Bernhard Blume (writer)

From 1919 to 1923, he matriculated at the universities of Munich, Berlin, and Tübingen, attending lectures by noted academics including Ernst Troeltsch, Eduard Spranger, and Heinrich Wölfflin.

Residing in Degerloch, an outer district of Stuttgart, he authored Fahrt nach der Südsee (1924), which premiered simultaneously at the National Theatre Mannheim and Staatstheater Berlin in 1925.

During these years Blume authored short newspaper and journal articles about Kleist, Klabund, Bruckner, Franz Grillparzer, Gerhart Hauptmann, and Anna Seghers.

On 1 April 1933, two months after the Nazi party's accession to power, Carola Rosenberg-Blume was dismissed from her position as head of the women's division of the Stuttgart Volkshochschule on grounds both of race and her leftist political stance.

For a few years Blume was able to continue as a playwright, but Nazi racial laws were tightened and he was finally subject to an official boycott of his plays because he was “related by marriage to a non-Aryan”.

Continuing to live in Germany became increasingly untenable, and in order to prepare for emigration and a career change, Blume completed a doctorate with a dissertation on the nihilistic world view of Arthur Schnitzler, defended in June 1935.

Filling the faculty position at Mills College formerly held by Theodore Brohm,[3] Blume not only headed the German program but would eventually reorganize the general curriculum in modern European literature.

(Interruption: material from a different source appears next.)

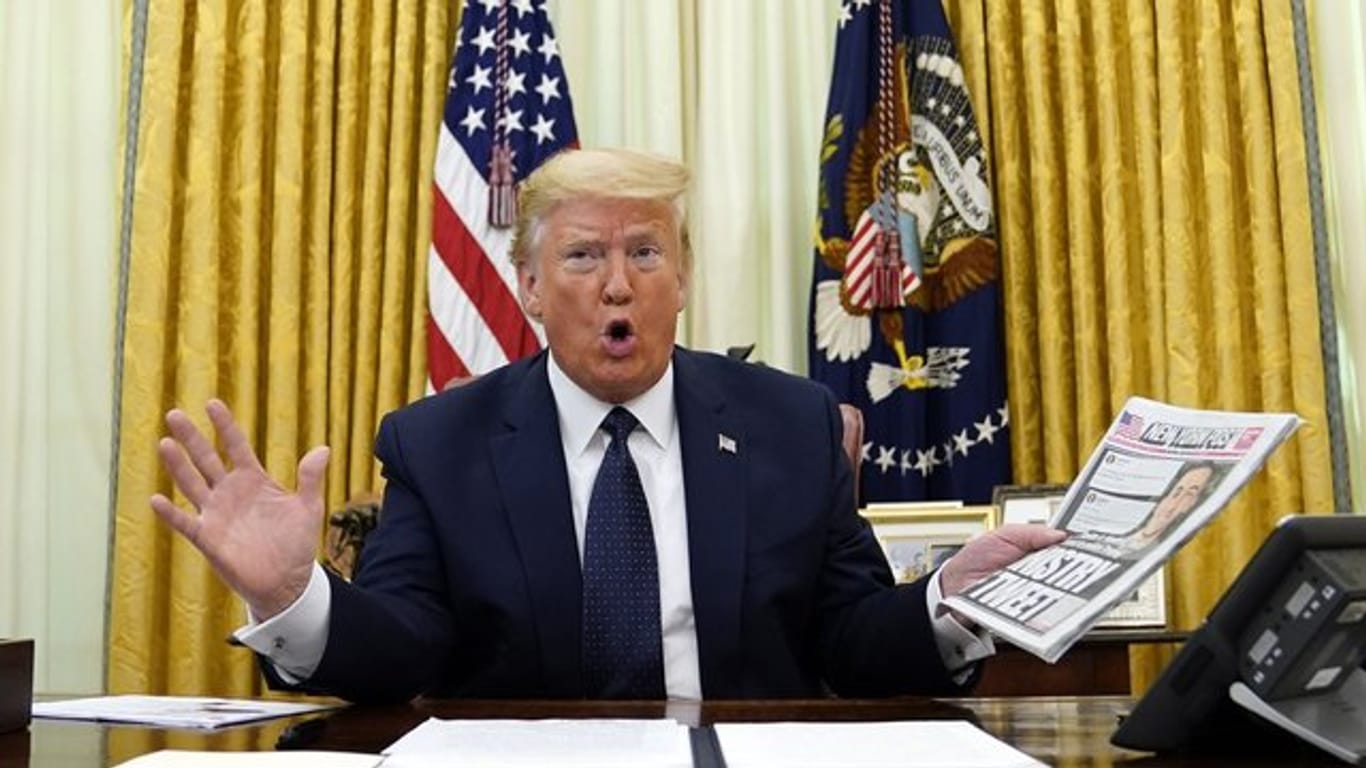 US-Präsident Donald Trump zeigt im Oval Office das Titelblatt der Zeitung "New York Post" mit dem Titel "Ministry of Tweet" ("Ministerium des Tweets").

Blume's political outlook gradually shifted from the Nietzschean nihilism of his early years to a democratic liberalism informed by Thomas Mann’s simultaneous transformation.

In addition to teaching, Blume delivered public lectures on Hitler’s Mein Kampf and Hermann Rauschning’s nihilism; he also authored articles on Thomas Mann, Goethe, Kleist, and Rainer Maria Rilke.

Blume continued to publish on Lessing, Goethe, Kleist, Mann, Rimbaud, Rilke, Elisabeth Langgässer, Hugo von Hofmannsthal, and Hermann Hesse.

At age 65, Blume accepted a final academic appointment as the first professor of German in the Department of Literature at the newly founded University of California, San Diego.

Following retirement he remained active up to the time of his death at age 77, coediting with Henry J. Schmidt of Ohio State University a textbook for undergraduate students, German Literature: Texts and Contexts (1974), as well as a volume of Rilke's correspondence with Sidonie Nádherná von Borutín (1973) and working on an autobiography, which was published posthumously under the title Narziß mit Brille (1985; English translation 1992).